John Campbell Elliott, (25 August 1872 - 20 December 1941) was a Canadian lawyer and politician.

== Early life ==
He was born in Ekfrid, Ontario, the son of George Elliott and Jane Campbell. He was educated at the University of Trinity College in the University of Toronto, studied law at Osgoode Hall and was called to the bar in 1896.

== Career ==
J. C. Elliott was first elected to the Legislative Assembly of Ontario in 1908 as the Member of the Legislative Assembly (MLA) for the London, Ontario area riding of Middlesex West and a member of the Ontario Liberal Party. The Liberals were out of government for the entire time Elliott was an MLA. In 1919, he ran in the first Ontario Liberal Party leadership convention, coming in a poor third, and left provincial politics shortly afterwards.

Elliott moved to federal politics a few years later winning a seat in the House of Commons of Canada in the 1925 federal election as the Liberal Member of Parliament (MP) for the riding of Middlesex West.

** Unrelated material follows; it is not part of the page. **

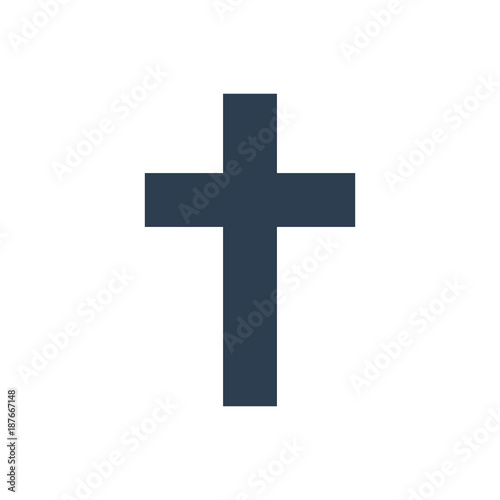 Religion cross icon on white background.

In March 1926, he was appointed to the Canadian Cabinet by William Lyon Mackenzie King as Minister of Labour. In September of that year, he was moved to the position of Minister of Public Works, and remained in that portfolio until the Liberal government's defeat in the 1930 election.

Elliott was personally re-elected and sat on the Opposition benches until the Liberals returned to power in the 1935 election. Elliott was returned to Cabinet, this time as Postmaster-General. In 1940, he was appointed to the Senate of Canada where he sat until his death the next year.

== Personal life ==
J.C. Elliott was a member of a Baptist church, never married and had no issue. Elliott was a District Deputy in the Masonic Order.